People often specify this by saying they'll go to go to the gym more or lose a set number of pounds. That's all great, but it takes determination. Only 14% of resolutions are kept by people under the age of 50, and just 39% for those over 50. So if you're trying to get healthier and want to be a part of the successful resolution minority, you should think about one aspect of your life you may be neglecting: your sleep.
If you're going to plan on jogging in the morning, hitting the gym or cooking at home more, you need to factor sleep into your actionable plans.
First, let's get scientific.
If you get a poor night's sleep, you're more likely to be hungry the following day, according to studies published in The Journal of the American Medical Association and The Lancet. According to the studies, cortisol, the hormone responsible for regulating your appetite, is increased when you sleep poorly. That means you're more likely to be grabbing breakfast through a drive-thru window.
Speaking of which, your brain centers are able to better regulate comfort food cravings like fast food when you've slept well. But when you've been tossing and turning all night, you're likely to be on the hunt for something to make you feel better. And then you're still in trouble, because your leptin levels are depleted.
Leptin is in charge of letting your brain know you're full, and if he's running on low sleep, he's going to be slow on the uptake. That means that you'll be reaching for that carton of ice cream when you'd normally throw in the towel for the meal.

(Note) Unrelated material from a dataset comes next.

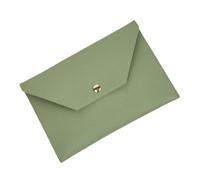 MUSISALY Makeup Pouch Lipstick Bag Large Capacity Double-Sided Pu Leather Cosmetic Brush Case for Women Portable Travel Envelope Wallet in Teal Green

But then there's the practical side of things. Think about when you have a bad night's sleep and the alarm goes off early the next morning. You were supposed to go to the gym, but that snooze button looks awfully tempting.
Work, as we all know, is a lot tougher when you're yawning all the way through it. This typically means it'll take longer to complete your tasks, which means you tend to need to take longer, and any extracurricular activities like the gym go by the wayside.
Part of why we're so passionate about good sleep--and why we want to help more people get it--is because it's the foundation upon which your day is built. So if you're day has exercise and health structured around it, you need to be well rested in order to keep your brain regulated to make the best decisions for you.
So if you are committed to getting healthier this year, by all means, take the stairs, sub the fries for a salad, and crank out a few push-ups. But don't neglect the thing that so many people find expendable in their day, which is much more critical to weight loss (and overall health) than most people realize.
So get your Rip Van Winkle on, get a good night's sleep and wake up ready to tackle the day.